= Beginning of Section =

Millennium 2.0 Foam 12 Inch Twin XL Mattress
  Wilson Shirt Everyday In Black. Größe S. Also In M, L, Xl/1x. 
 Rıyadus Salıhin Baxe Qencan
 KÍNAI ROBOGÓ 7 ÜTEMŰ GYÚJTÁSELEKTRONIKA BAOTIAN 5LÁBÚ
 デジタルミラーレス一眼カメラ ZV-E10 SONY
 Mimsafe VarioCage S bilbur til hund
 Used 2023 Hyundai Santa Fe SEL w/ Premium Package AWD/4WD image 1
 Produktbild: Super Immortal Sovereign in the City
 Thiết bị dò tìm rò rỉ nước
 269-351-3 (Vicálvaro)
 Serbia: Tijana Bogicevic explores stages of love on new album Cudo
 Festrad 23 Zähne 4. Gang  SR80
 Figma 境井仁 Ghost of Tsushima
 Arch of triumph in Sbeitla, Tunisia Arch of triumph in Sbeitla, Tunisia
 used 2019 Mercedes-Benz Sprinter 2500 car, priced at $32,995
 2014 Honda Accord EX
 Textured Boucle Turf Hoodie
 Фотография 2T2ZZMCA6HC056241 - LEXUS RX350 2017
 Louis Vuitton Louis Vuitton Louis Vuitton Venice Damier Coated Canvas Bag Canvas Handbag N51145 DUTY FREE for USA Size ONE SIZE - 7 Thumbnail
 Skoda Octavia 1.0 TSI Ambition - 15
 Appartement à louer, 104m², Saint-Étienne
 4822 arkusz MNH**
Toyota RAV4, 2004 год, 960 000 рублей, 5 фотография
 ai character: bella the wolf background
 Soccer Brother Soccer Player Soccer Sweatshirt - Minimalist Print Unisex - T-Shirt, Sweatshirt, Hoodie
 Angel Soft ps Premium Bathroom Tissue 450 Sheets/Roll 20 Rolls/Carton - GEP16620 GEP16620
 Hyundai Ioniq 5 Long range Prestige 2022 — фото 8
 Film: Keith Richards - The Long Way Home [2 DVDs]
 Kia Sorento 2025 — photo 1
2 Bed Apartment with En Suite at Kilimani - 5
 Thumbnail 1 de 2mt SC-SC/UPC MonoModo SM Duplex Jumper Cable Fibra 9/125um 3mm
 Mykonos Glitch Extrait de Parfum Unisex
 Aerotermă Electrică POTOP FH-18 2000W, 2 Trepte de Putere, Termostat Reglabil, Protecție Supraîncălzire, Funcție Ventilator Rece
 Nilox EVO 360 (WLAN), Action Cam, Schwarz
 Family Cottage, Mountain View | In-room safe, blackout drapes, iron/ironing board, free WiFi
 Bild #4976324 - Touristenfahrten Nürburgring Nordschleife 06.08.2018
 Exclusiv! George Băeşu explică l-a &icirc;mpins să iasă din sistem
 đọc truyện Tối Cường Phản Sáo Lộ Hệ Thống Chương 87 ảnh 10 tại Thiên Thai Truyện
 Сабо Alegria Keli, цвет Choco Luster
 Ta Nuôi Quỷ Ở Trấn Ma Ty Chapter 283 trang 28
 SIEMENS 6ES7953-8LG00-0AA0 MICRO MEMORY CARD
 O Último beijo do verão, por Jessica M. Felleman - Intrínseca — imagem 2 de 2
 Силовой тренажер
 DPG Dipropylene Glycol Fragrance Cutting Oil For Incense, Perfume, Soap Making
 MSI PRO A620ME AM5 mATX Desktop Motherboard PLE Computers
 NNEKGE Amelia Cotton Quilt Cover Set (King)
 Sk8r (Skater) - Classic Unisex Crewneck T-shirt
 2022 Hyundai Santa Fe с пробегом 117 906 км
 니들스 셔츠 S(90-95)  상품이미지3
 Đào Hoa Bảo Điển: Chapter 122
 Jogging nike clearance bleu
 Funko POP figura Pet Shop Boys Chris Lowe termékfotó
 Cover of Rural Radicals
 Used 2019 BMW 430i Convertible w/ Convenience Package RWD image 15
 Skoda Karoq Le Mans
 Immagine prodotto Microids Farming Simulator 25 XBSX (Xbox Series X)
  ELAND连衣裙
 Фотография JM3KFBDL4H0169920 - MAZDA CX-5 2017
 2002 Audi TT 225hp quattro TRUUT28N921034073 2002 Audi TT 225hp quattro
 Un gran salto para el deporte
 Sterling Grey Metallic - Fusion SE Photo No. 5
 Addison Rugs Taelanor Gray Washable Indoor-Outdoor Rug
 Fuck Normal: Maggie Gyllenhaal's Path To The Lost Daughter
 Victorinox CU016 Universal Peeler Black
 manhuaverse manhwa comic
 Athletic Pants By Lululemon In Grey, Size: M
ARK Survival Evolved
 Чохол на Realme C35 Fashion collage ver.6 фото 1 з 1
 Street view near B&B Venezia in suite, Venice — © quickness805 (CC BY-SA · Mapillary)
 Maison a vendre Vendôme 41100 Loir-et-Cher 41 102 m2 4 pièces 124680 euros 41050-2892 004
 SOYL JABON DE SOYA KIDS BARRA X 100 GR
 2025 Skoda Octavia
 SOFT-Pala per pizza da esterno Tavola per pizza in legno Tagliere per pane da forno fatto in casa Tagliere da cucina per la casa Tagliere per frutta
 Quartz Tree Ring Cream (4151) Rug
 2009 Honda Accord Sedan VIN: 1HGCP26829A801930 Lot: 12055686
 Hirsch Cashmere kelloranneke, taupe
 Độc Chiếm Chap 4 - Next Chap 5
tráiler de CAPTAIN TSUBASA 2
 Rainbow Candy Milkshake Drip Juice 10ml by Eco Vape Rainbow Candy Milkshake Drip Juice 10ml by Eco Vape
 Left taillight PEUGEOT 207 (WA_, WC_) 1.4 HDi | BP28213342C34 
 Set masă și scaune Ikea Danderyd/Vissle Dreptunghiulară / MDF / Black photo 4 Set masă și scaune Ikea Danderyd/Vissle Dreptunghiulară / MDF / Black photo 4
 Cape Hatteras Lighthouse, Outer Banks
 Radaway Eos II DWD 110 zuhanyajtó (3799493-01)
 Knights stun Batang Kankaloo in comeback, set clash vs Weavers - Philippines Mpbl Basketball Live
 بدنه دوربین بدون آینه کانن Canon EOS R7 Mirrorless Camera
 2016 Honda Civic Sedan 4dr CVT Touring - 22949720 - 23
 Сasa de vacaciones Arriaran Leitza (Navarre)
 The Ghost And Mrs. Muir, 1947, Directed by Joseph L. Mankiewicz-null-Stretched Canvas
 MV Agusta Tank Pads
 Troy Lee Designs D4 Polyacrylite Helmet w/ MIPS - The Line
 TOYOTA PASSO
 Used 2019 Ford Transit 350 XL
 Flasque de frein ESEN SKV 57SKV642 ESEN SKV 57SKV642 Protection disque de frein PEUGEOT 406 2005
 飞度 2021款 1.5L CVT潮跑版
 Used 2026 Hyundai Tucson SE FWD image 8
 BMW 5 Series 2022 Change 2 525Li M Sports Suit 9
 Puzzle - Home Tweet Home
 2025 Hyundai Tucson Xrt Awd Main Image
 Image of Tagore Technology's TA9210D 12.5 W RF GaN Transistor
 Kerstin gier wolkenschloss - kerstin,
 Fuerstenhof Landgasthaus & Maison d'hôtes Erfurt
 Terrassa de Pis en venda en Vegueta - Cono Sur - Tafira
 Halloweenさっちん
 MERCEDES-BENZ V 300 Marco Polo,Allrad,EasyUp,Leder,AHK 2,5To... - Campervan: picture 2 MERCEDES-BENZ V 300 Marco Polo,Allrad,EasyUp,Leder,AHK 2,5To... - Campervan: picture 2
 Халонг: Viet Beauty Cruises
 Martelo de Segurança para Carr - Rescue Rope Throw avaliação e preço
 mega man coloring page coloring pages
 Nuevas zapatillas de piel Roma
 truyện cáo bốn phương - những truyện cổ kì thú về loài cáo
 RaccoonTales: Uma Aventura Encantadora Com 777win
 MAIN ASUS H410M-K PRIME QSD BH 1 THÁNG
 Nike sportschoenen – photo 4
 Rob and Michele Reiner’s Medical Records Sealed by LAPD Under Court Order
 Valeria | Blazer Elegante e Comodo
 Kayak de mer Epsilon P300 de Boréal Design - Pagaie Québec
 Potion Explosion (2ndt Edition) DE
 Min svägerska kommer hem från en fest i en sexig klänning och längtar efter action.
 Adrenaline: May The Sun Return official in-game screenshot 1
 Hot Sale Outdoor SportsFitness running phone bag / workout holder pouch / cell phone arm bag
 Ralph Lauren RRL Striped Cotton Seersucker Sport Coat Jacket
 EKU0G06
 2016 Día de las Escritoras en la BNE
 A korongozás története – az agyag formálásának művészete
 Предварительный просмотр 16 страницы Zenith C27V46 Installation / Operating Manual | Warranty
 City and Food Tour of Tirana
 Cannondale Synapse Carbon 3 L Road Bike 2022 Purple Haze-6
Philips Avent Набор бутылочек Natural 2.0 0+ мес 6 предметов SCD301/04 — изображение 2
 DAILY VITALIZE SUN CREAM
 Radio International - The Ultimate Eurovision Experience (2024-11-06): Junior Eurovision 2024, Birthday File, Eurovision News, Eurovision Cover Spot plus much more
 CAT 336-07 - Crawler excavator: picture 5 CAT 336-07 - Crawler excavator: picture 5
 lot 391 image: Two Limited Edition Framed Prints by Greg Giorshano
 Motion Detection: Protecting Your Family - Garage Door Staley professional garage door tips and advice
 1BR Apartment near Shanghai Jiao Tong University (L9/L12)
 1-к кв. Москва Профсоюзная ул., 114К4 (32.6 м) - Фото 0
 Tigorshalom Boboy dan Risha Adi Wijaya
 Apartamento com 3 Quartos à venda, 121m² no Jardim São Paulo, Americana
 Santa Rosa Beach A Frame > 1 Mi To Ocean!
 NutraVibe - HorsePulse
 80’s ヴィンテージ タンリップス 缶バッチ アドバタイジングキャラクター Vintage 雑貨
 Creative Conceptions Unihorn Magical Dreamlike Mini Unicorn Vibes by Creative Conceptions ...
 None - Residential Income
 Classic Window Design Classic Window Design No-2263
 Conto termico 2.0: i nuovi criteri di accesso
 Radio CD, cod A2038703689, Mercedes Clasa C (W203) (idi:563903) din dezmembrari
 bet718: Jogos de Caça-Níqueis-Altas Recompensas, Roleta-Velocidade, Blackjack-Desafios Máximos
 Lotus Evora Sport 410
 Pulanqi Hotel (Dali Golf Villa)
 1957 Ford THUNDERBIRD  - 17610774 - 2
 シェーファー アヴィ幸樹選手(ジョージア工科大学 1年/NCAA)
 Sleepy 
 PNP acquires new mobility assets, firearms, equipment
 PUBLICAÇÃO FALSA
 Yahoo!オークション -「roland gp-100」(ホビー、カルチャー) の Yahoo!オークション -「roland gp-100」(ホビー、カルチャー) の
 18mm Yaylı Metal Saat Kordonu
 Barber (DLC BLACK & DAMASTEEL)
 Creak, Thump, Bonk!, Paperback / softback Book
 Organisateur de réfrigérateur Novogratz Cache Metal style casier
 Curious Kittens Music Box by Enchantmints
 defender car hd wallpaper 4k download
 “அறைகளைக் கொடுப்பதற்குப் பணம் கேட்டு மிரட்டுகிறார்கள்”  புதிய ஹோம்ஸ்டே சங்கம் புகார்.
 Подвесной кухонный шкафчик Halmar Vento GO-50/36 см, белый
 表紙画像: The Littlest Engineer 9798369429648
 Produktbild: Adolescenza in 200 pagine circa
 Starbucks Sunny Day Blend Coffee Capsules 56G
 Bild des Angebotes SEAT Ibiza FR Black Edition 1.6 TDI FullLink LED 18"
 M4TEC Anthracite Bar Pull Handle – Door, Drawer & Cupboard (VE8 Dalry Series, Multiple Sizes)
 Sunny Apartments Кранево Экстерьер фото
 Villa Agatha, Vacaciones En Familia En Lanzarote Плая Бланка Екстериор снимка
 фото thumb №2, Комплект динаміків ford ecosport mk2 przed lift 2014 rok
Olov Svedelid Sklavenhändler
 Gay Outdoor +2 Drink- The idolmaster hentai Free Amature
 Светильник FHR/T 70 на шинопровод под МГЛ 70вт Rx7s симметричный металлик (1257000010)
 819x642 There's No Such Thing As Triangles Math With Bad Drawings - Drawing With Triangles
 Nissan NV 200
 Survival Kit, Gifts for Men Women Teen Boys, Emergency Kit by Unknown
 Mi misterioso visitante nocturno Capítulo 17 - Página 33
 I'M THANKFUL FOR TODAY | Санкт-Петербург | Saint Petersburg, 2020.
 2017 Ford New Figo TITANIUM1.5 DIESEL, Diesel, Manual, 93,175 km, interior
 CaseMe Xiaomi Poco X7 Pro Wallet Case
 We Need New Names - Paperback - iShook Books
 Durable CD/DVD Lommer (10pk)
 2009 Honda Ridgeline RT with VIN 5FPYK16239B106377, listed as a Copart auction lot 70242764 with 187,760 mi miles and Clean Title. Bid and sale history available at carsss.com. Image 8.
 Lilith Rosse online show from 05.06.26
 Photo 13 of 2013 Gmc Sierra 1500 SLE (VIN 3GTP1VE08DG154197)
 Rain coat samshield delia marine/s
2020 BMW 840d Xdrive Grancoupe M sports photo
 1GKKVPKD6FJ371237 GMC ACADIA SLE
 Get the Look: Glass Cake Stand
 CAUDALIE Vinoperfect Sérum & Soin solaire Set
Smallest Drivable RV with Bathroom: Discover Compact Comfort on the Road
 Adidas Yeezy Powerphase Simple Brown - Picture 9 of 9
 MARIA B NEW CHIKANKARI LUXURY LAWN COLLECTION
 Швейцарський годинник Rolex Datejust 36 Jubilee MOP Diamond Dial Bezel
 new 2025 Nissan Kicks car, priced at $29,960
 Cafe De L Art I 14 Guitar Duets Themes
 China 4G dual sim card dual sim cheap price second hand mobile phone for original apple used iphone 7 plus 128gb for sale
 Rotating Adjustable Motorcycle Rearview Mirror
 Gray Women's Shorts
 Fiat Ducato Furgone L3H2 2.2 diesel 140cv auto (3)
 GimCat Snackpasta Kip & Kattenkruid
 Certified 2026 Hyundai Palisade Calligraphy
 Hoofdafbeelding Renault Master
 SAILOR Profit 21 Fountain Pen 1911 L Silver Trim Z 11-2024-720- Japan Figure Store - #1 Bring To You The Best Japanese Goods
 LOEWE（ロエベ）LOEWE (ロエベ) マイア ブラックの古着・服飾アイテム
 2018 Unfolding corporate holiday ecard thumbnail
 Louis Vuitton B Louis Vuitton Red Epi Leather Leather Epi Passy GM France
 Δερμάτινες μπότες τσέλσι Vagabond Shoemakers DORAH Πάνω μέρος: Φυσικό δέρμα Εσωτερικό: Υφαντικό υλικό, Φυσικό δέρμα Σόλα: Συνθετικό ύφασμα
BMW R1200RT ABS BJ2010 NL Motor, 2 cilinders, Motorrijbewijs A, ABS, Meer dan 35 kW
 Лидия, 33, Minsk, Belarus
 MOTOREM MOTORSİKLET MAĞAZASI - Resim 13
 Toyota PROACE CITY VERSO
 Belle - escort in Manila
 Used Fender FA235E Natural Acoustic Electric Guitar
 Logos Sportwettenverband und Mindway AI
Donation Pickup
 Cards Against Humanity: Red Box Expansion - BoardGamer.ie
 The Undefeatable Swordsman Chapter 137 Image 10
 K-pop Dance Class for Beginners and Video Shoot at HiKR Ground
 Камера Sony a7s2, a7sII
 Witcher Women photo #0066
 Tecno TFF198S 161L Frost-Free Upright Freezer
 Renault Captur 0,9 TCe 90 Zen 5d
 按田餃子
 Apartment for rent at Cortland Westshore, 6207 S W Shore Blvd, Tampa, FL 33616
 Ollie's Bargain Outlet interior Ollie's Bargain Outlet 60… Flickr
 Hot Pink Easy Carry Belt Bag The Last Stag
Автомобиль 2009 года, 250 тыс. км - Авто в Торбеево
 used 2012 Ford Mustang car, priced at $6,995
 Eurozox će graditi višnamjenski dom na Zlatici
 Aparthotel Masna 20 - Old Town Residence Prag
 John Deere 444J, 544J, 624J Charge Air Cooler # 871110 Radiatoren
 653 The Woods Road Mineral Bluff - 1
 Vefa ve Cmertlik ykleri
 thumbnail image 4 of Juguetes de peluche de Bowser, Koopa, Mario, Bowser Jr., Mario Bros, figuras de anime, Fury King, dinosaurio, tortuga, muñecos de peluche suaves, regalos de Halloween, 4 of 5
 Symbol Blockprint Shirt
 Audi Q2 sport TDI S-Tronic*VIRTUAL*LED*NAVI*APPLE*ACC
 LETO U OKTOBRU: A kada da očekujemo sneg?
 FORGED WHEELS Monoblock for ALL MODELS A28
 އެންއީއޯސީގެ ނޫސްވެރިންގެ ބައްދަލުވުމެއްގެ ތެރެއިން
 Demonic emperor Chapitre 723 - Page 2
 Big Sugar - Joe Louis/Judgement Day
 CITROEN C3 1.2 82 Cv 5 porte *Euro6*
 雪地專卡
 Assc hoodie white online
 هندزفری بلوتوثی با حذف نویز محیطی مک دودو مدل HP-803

= End of Section =

Problem statement: Would you print, exactly as written, every line above from the one holding "Martelo de Segurança" through the one holding "Potion Explosion (2ndt Edition) DE", with both included and no other lines?

Answer to this problem:
 Martelo de Segurança para Carr - Rescue Rope Throw avaliação e preço
 mega man coloring page coloring pages
 Nuevas zapatillas de piel Roma
 truyện cáo bốn phương - những truyện cổ kì thú về loài cáo
 RaccoonTales: Uma Aventura Encantadora Com 777win
 MAIN ASUS H410M-K PRIME QSD BH 1 THÁNG
 Nike sportschoenen – photo 4
 Rob and Michele Reiner’s Medical Records Sealed by LAPD Under Court Order
 Valeria | Blazer Elegante e Comodo
 Kayak de mer Epsilon P300 de Boréal Design - Pagaie Québec
 Potion Explosion (2ndt Edition) DE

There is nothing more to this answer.